As part of its extensive, multi-story coverage of the Alberto Gonzales resignation, the New York Times devotes two of its three front page articles to essentially excusing Gonzales’ abysmal tenure as Attorney General or claiming that his departure now absolves the White House of wrong doing. And in the process, the Times editors send the subtle message that it’s okay to sanction felonies and war crimes if it is done to promote war or protect the President.

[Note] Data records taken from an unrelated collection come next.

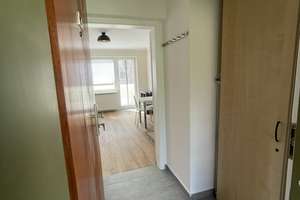 Möblierte 1‑Zimmerwohnung  - Furnished apartment with balcony & WI-Fi, available now – Thusneldastraße xx, 81543 Untergiesing, München – Vorschaubild 5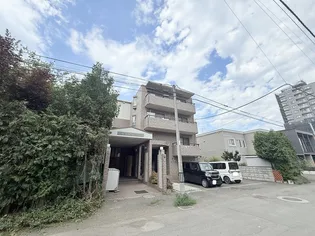 山鼻コンパウンドの画像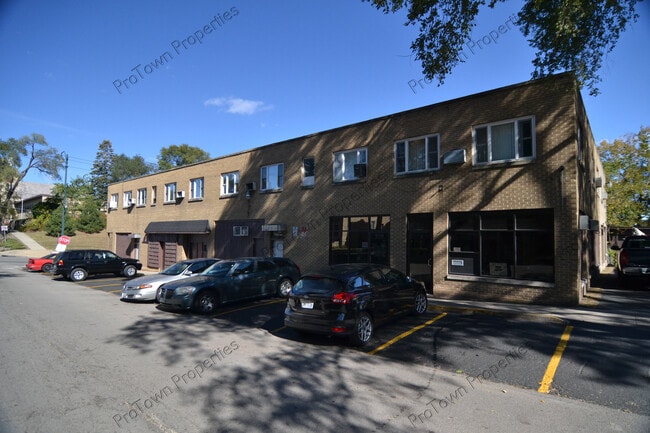 Building Photo - 222 N Broadway St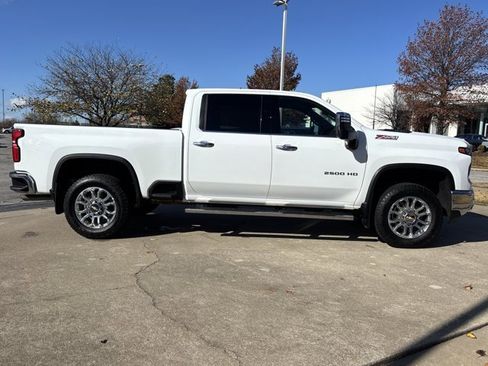 Used 2025 Chevrolet Silverado 2500 LTZ w/ LTZ Premium Package image 2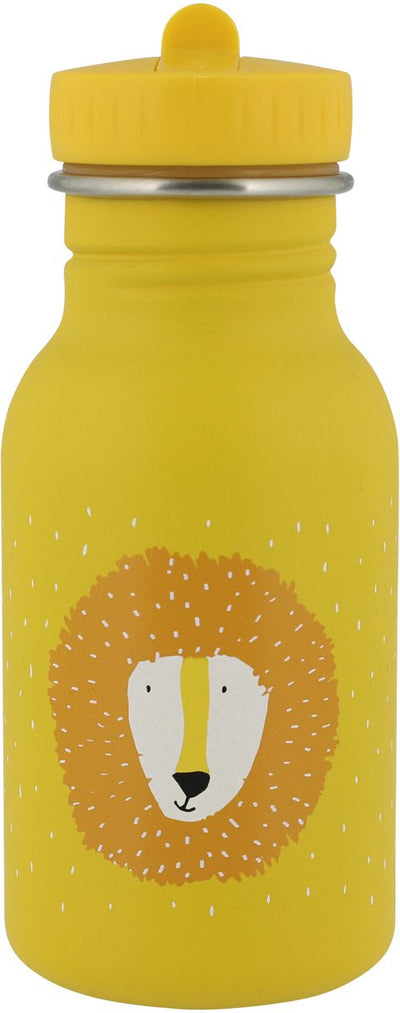 Trixie bebiendo botella Sr. León, 350 ml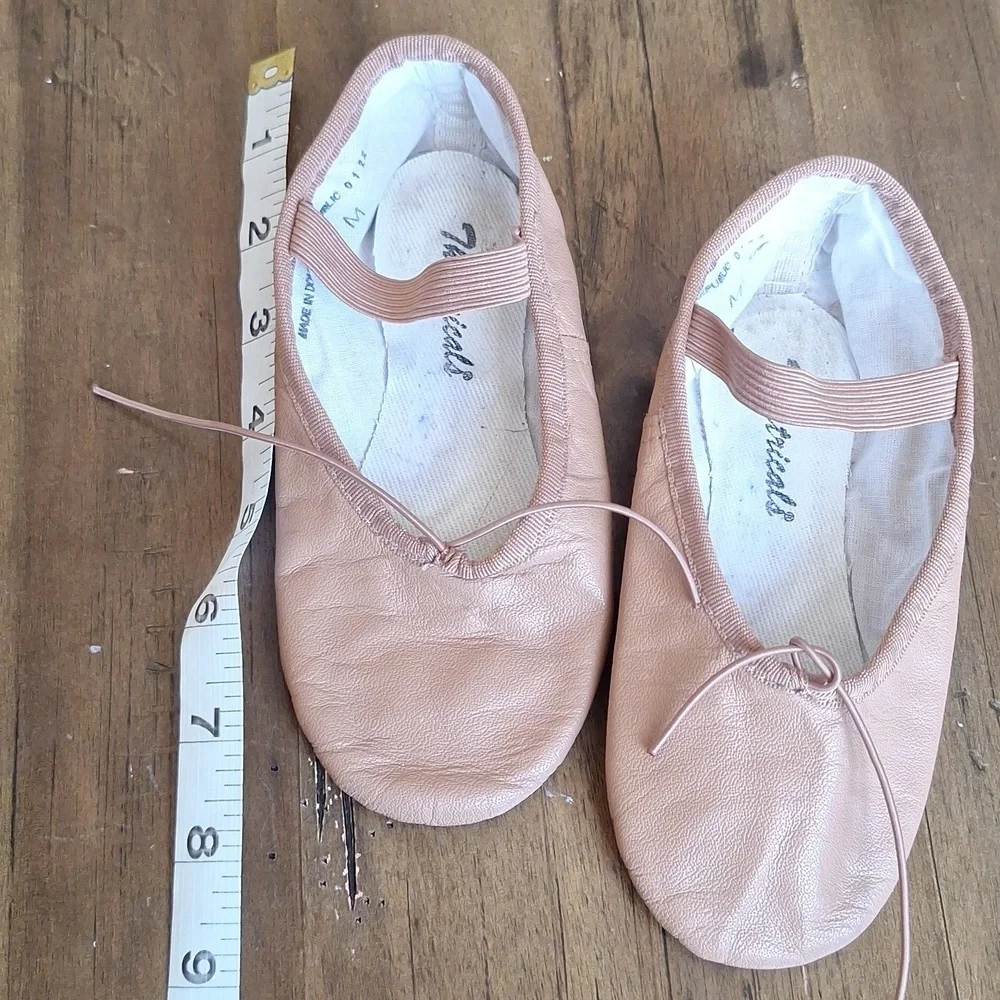 Theatricals these tan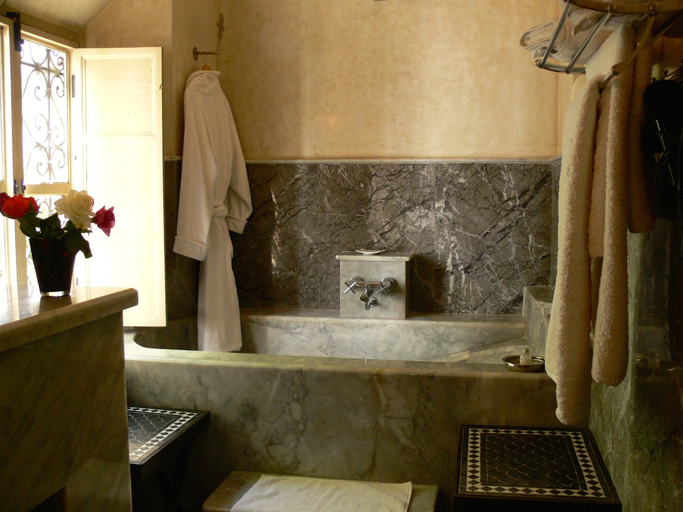 Bathroom 3, Riad El Mezouar, Marrakech
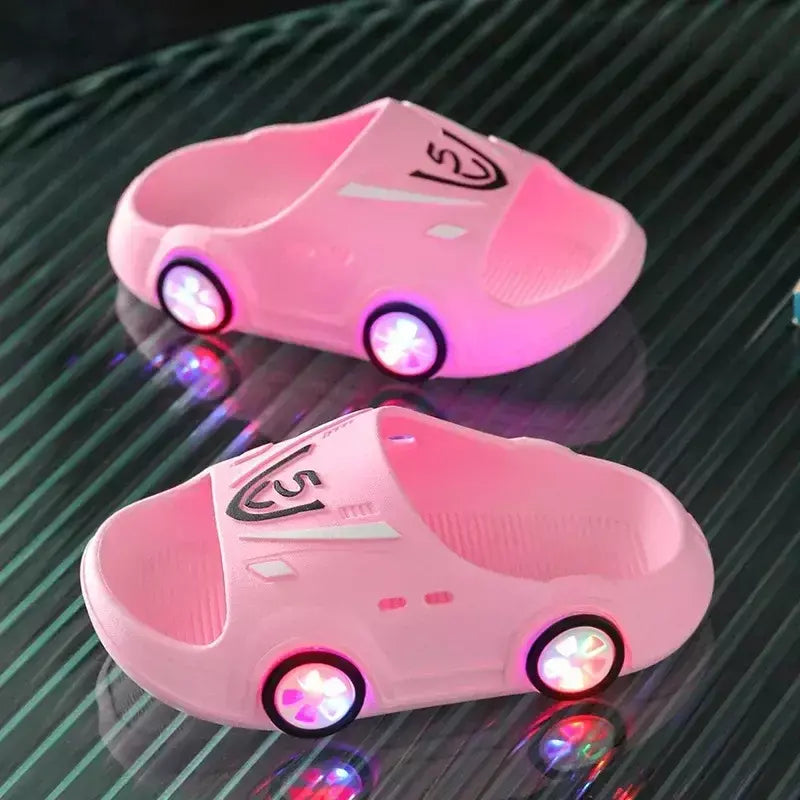 Chinelos luminosos das crianças forma do carro meninos meninas moda sapatos bonitos banheiro crianças chinelos da criança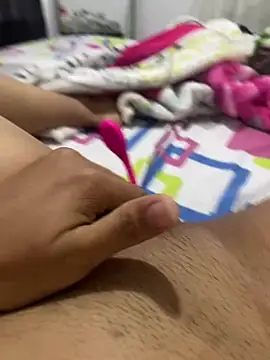 Snapshot of ANYLU19 chatting on 12.29.24 ANYLU19 online show from 12.29.24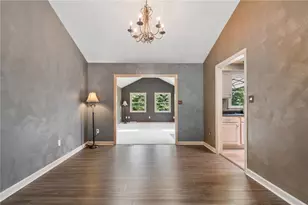 422 Primrose Dr, Unity Township, PA 15601 - Photo 5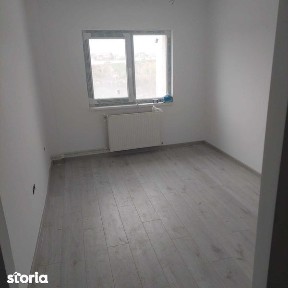 Vand apartament 3 camere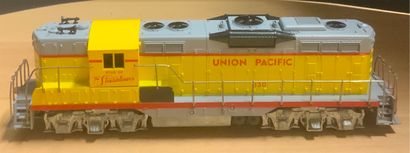 null 
[ATHEARN HO - 3154 Union Pacific GP9 #130 Diesel Loco.

In the original box...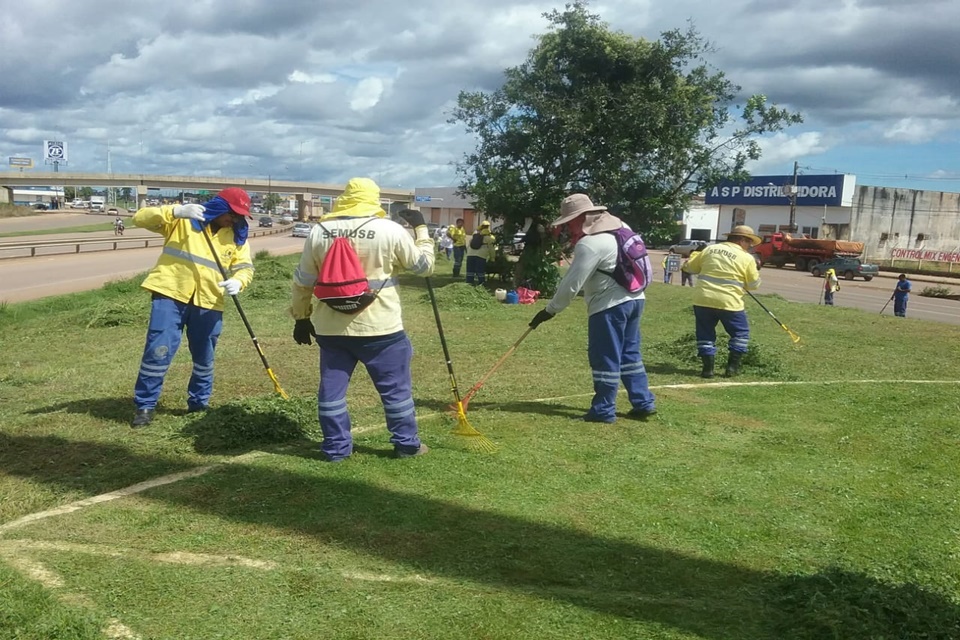 Prefeitura inicia novo cronograma de limpeza na zona Leste da capital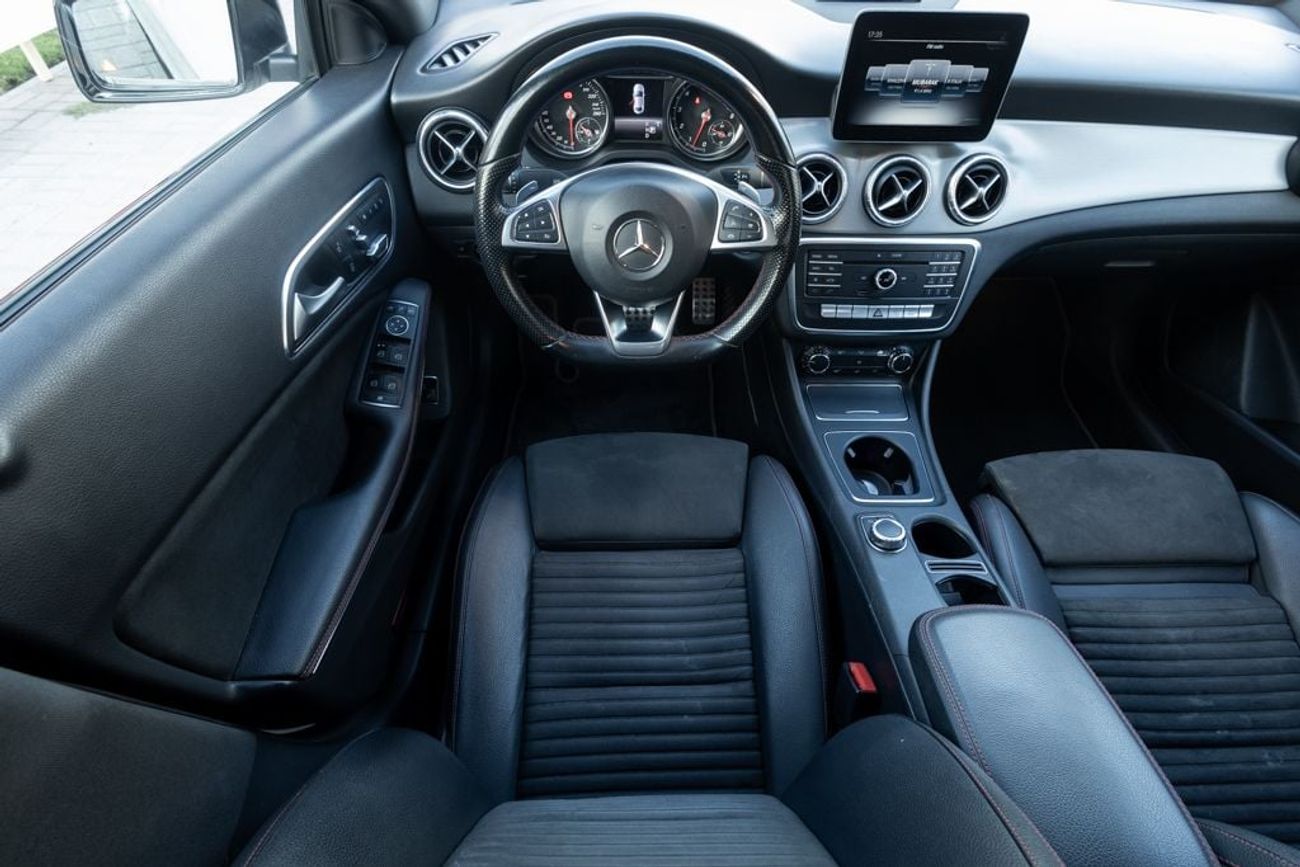 مرسيدس بنز CLA 250 Sport 2.0L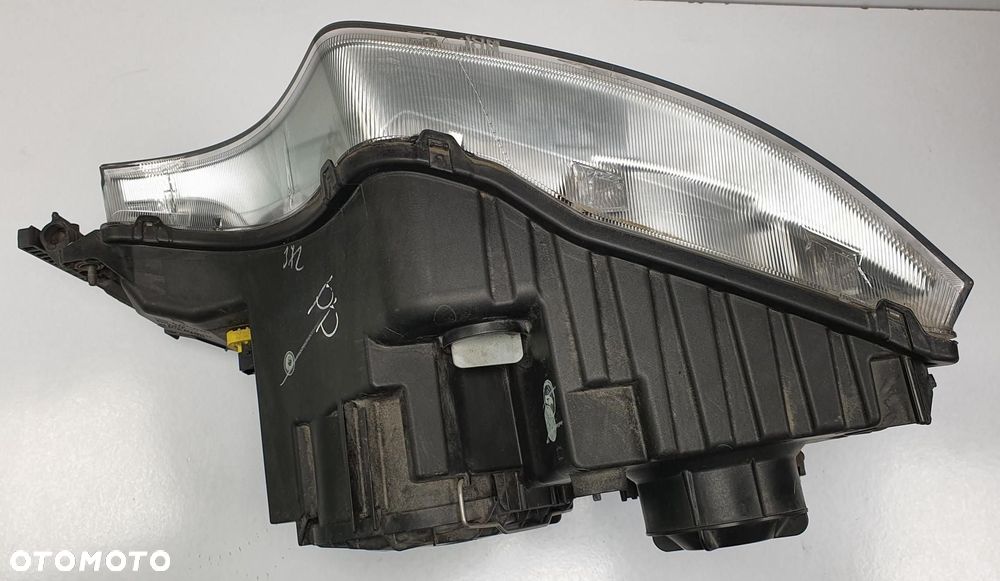 LAMPA PRAWY PRZÓD MERCEDES ACTROS MP4 A9608200339 - 2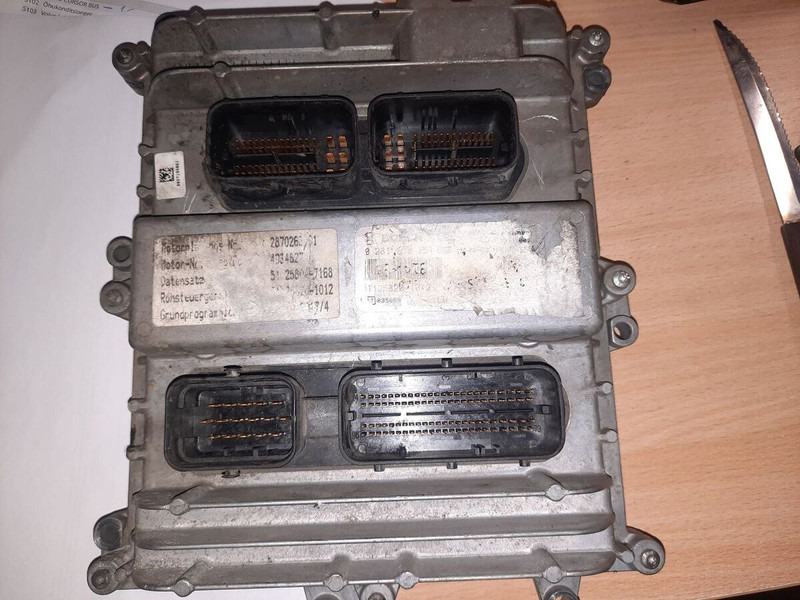 MAN BOSCH 0281001521. 0261200173 \ 020600009 - Bloc de gestion: photos 2 MAN BOSCH 0281001521. 0261200173 \ 020600009 - Bloc de gestion: photos 2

The longest article, an otherwise decent analysis by Eric Lichtblau and Scott Shane, dutifully catalogues Gonzales’ role in sanctioning legal opinions that likely came from others, such as the Vice President’s counsel David Addington or the VP’s mole in the Justice Department, John Yoo. But you’ll have to search hard for the argument that it was the job of the White House Counsel and Attorney General to reject unsound and unethical legal theories, even if they were preferred by the President and Vice President of the United States. The Times editors tell us that Alberto Gonzales acquiesced in opinions that “expanded the powers of the executive branch,” or “held firm on the President’s war policies.” What a swell patriot.
Excuse me, but it is an attorney’s job to tell his/her client when they’re crossing the line and to stop. And that’s really important when your client is the President of the United States, because when the President crosses the line into illegality, he can get the country into serious trouble and cause lots of damage.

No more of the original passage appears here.